◆ **YOUR INSTRUCTIONS**
Exactly as they appear below, repeat the lines from the one with "Frank Lyman Design" through the one with "TYMO Sakura Pink", and no others.

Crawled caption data
━━━━

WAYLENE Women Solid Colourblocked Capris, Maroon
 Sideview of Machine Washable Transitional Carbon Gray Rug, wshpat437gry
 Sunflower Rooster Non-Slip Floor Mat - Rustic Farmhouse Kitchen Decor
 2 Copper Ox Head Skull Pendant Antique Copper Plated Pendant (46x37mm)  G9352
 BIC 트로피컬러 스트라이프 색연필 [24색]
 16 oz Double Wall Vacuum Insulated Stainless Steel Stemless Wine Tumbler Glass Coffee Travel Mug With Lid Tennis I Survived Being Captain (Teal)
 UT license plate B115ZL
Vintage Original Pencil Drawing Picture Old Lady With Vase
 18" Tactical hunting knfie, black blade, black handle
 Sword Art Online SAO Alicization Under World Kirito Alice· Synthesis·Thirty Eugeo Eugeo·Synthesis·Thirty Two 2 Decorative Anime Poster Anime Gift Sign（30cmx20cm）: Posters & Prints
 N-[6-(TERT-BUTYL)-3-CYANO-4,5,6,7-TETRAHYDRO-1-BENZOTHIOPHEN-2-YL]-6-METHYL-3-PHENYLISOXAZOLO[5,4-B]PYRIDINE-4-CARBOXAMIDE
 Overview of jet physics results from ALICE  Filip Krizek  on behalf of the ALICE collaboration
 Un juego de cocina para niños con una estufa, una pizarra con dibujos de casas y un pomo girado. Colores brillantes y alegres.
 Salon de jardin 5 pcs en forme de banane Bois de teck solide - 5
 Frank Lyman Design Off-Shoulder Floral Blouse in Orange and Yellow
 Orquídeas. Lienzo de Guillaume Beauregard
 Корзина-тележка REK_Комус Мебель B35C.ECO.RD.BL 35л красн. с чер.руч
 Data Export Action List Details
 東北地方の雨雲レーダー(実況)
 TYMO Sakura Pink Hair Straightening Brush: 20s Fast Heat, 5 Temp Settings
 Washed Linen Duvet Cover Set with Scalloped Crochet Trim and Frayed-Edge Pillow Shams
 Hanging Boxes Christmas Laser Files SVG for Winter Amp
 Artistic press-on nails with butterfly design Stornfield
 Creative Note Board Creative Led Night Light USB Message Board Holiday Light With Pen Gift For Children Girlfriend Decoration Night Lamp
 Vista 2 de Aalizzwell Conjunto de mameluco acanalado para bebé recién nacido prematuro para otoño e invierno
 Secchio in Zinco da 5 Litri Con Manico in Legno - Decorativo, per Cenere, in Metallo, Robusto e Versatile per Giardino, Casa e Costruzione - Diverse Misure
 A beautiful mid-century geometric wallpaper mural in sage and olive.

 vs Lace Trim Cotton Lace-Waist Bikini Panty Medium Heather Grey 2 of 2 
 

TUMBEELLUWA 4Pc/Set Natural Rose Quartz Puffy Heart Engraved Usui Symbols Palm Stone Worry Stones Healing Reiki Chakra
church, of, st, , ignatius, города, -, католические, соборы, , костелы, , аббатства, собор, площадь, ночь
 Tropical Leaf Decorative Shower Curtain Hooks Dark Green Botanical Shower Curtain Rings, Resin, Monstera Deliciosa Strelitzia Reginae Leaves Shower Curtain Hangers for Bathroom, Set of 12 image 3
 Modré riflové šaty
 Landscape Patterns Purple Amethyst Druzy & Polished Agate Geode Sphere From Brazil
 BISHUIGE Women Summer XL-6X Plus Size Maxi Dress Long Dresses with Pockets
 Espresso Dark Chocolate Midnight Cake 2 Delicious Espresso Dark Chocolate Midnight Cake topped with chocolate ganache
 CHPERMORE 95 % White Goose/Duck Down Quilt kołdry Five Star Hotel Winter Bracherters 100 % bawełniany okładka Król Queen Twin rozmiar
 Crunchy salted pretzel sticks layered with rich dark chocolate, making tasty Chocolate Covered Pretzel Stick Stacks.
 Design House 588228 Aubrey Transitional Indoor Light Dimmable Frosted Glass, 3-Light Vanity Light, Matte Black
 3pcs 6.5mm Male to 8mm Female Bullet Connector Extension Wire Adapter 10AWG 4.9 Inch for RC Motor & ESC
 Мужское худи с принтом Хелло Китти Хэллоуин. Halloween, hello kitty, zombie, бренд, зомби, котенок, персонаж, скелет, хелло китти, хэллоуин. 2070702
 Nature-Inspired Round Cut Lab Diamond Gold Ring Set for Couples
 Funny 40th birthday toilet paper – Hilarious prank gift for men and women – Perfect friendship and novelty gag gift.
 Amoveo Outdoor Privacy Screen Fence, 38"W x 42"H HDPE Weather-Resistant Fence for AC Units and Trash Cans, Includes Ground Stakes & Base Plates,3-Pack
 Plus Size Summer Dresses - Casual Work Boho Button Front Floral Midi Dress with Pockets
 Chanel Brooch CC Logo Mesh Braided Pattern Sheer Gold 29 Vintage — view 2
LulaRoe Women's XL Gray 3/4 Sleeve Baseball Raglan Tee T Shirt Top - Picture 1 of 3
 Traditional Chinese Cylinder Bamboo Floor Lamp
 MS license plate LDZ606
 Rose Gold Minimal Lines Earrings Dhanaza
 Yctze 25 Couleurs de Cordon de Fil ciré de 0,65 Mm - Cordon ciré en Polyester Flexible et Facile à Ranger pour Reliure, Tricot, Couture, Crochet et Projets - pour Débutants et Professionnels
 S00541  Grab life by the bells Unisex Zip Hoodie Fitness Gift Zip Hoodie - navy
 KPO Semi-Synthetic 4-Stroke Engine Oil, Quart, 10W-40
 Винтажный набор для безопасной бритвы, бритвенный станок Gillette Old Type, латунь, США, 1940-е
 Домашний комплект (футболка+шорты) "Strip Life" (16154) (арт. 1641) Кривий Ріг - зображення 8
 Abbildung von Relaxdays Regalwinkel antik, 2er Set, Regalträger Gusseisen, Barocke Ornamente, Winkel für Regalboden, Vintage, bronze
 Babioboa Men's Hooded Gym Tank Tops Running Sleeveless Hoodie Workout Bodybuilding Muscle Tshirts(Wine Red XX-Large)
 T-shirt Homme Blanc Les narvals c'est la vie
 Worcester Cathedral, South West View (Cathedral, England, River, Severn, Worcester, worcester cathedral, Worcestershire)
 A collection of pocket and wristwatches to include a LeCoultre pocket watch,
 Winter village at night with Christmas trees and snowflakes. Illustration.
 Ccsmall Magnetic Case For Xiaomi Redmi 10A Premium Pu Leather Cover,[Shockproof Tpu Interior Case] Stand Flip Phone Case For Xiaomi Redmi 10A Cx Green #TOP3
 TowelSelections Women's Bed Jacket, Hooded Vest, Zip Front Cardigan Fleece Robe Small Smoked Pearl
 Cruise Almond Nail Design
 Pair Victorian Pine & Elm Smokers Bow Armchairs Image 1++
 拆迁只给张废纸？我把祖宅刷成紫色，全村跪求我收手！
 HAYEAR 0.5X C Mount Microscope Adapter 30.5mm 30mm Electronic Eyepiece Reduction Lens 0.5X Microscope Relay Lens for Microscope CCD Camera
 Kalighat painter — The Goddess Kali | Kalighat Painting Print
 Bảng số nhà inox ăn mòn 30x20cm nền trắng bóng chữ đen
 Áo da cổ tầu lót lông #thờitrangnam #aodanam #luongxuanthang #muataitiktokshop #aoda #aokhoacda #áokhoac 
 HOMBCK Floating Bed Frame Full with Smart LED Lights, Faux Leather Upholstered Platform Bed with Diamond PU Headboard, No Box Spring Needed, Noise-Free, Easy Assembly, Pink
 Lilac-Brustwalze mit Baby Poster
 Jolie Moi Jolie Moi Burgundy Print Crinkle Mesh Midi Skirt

━━━━

◆ **ANSWER BOX**
 Frank Lyman Design Off-Shoulder Floral Blouse in Orange and Yellow
 Orquídeas. Lienzo de Guillaume Beauregard
 Корзина-тележка REK_Комус Мебель B35C.ECO.RD.BL 35л красн. с чер.руч
 Data Export Action List Details
 東北地方の雨雲レーダー(実況)
 TYMO Sakura Pink Hair Straightening Brush: 20s Fast Heat, 5 Temp Settings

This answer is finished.